If a chunk of ISS falls and damages something or hurts a person, who is liable: the organization that put it up there or the one paid to take it down?
Per the contract once spacex builds and docks the deorbit vehicle to the ISS they are hand over ownership of it to NASA. So NASA would be responsible.
The ISS is aging, and for safety’s sake, NASA intends to incinerate the immense facility around 2031. To accomplish the job, the agency will pay SpaceX up to $843 million, according to a statement released on June 26.
See you guys in 2040
Plot twist: deorbit vehicle will be cybertruck
Once ISS deorbits, China will have the only space station around.
There is already planning to have a replacement in place by then.
Burgerland can’t even build a bridge, you think it’s capable of building a whole space station? 😂
Huh? We are constantly building bridges, what a weird claim. But of course the US is quite capable of launching another space station.
So what you’re saying is that the US can build bridges?
If you think that taking a decade to build a bridge illustrates US capacity to build bridges effectively, then sure.

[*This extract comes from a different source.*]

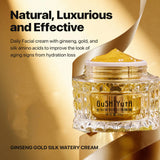 Ginseng Gold Silk Cream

SpaceX has won the right to tackle a monumental task: destroying the International Space Station (ISS). The demolition will shove the iconic and enormous station down through Earth’s atmosphere in a fiery display. And if anything goes wrong, a cascade of debris could rain down on our planet’s surface.
Conceived and built in a post-cold-war partnership with Russia, the ISS, like so many of NASA’s major projects, has lasted far longer than its initial design life of 15 years. Nothing lasts forever, however, especially in the harsh environment of outer space. The ISS is aging, and for safety’s sake, NASA intends to incinerate the immense facility around 2031. To accomplish the job, the agency will pay SpaceX up to $843 million, according to a statement released on June 26. The contract covers the development of a unique deorbit vehicle to usher the unwieldy ISS to its doom yet excludes launch costs.
Perfect metaphor for the US space program as a whole
Just give it to some KSP players lol.
They’ll figure out a cheap way to either send it on a near vertical entry path into the ocean, or a 150 year multi planet gravity sling into the sun.